England’s football team are teetering on the brink of failing to qualify for next summer’s Euro 2008 championships. The consensus of opinion among the fourth estate is that this would be calamitous for English football and that head coach Steve McClaren has proved to be out of his depth, despite serving his apprenticeship under Sven-Goran Eriksson.

There has been much criticism of McClaren’s tactics and team selection and calls for his departure from some of the media and supporters have reached near-deafening proportions. But when you look at some of the players who grace the so-called greatest football league in the world – the much-lauded FA Premier League – it’s not difficult to see why the former Middlesbrough manager’s task is near impossible.

Wayne Rooney, Steven Gerrard and Frank Lampard are among the finest in the Premier League. But after those three, one starts to struggle to compile an England team that would match the finest Europe has to offer, let alone the rest of the world.

'Like a man told to climb Mount Everest with his legs tied together, McClaren's mission is impossible'


The richest league in the world, with billions of pounds flooding in through television revenue – and Setanta Sports and BT now tugging at the blanket coverage that was previously Sky’s – has attracted players from across the planet. Thirty years ago it was rare to find a player from outside the UK playing in the top flight of English football. Now that situation seems to have almost reversed itself.

Chelsea have the likes of Didier Drogba and Andriy Shevchenko; Arsenal have Cesc Fabregas and Aleksandr Hleb; Manchester United have Ronaldo, Anderson and Nani. All extremely talented players and there are dozens of other foreign players of varying degrees of talent in first teams throughout the Premier League. Now while this makes the league extremely attractive to supporters and, more importantly these days it seems, to television stations, it hardly makes the job of the England head coach any easier.

Ask Sir Alex Ferguson, Arsene Wenger, Avram Grant and Rafael Benitez to mould their team into a title challenging one without using players not from these shores and see, firstly, what their response would be and, secondly, where their respective teams would end up.

That’s the task that faces the unfortunate McClaren – nearly an impossible one. Much has been made of the exciting young players now making the breakthrough at Arsenal but, Theo Walcott apart, not many are English. Manchester United are also investing in youth but it’s Portuguese and Brazilian youngsters breaking through. The ‘big four’ clubs now dominating English football would be hard pushed to field 11 top-class English players between them.

If Russia win in Israel in November, then the calls for the head of McClaren will reach a crescendo. But, like a man told to climb Mount Everest with his legs tied together, his mission is impossible. As England slide down FIFA’s international rankings, they need only look over their shoulder at a country poised to overtake them.

For years, Scotland imported players from mainland Europe and further afield. Some were good, Henrik Larsson and Michael Laudrup for example, and some not so good. The Scots plunged down the rankings until they reached the stage where even the Faroe Islands were inflicting embarrassment.

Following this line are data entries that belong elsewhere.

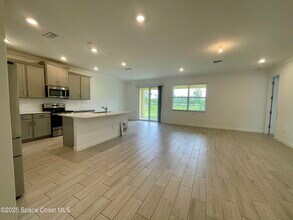 696 Veridian Cir NW in Palm Bay, FL - Building Photo - Building Photo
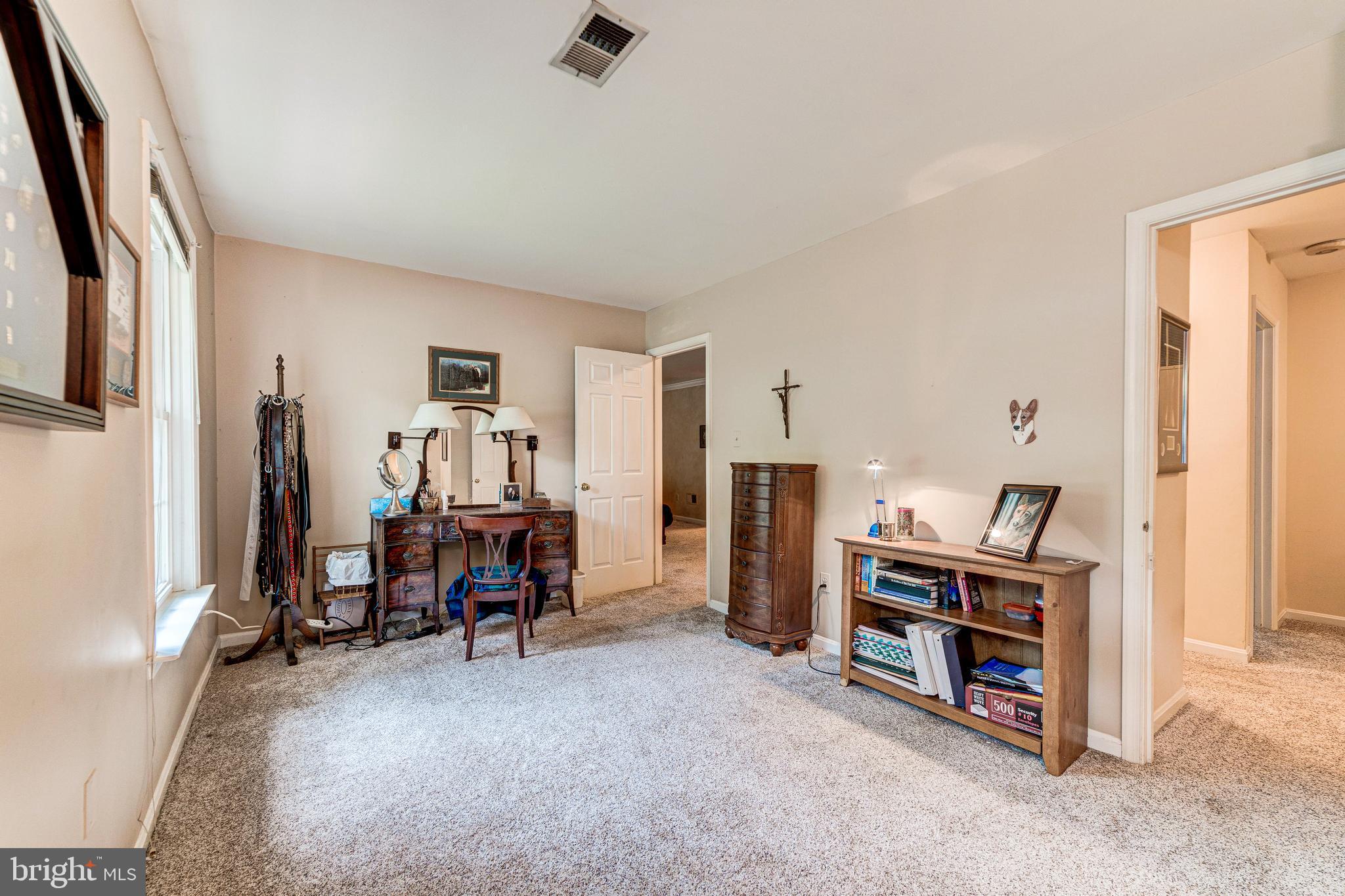 5114 Pheasant Ridge Road Fairfax, VA 22030 - Photo 45 of 65 Gallery Image 45
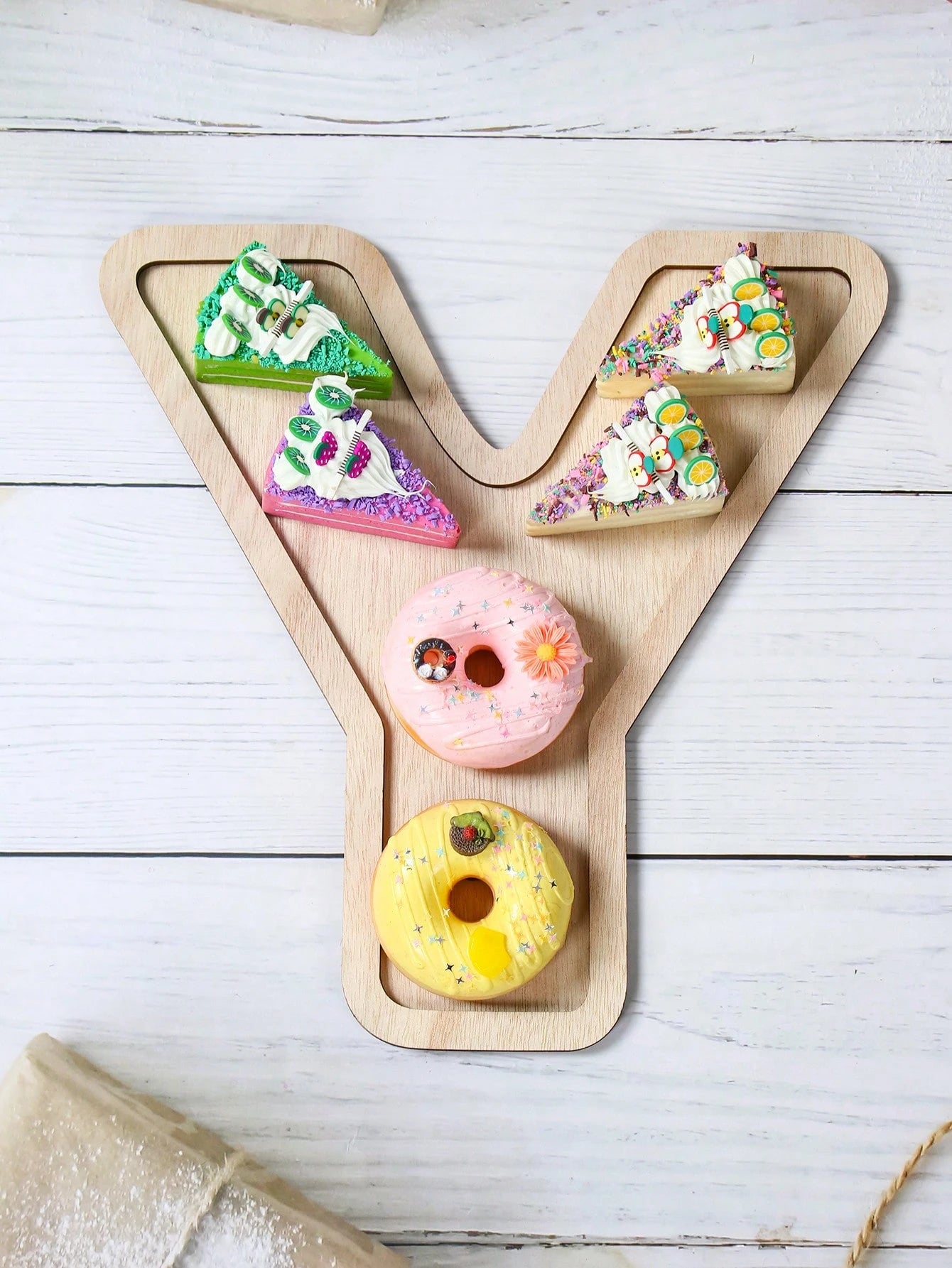 4pcs Baby Shower Wooden Letter Shaped Plate Set, BABY Letter Shaped Tray, Decorative Plates For Holding Snacks, Cakes, Ideal For Gender Reveal Party, Boy/Girl Birthday Party, Perfect Baby Shower Gift
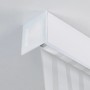 Wenko Duschrollo 128x240 cm, weiß, mit Streifenmuster und Aluminiumkassette.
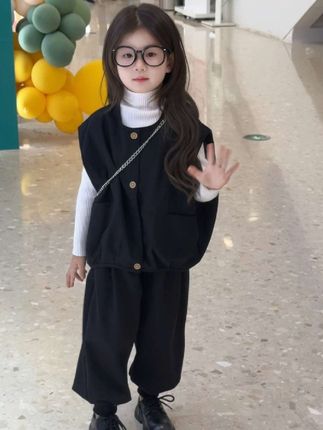 女童2025春秋新款套装男女宝宝韩版马甲洋气宝宝时尚萝卜裤两件套#女童套装#时尚套装 #新款分享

The threat of financial calamity soon had the top clubs in Scotland realising that the future lay on their own doorstep and producing home-grown talent was the way ahead. Five years after scrambling to a 2-2 draw in the north Atlantic, Scotland are now inflicting defeat on France, the second-best team in the world, in their own back yard.

That's something the leading contenders for England’s flagship Premier League may care to reflect on.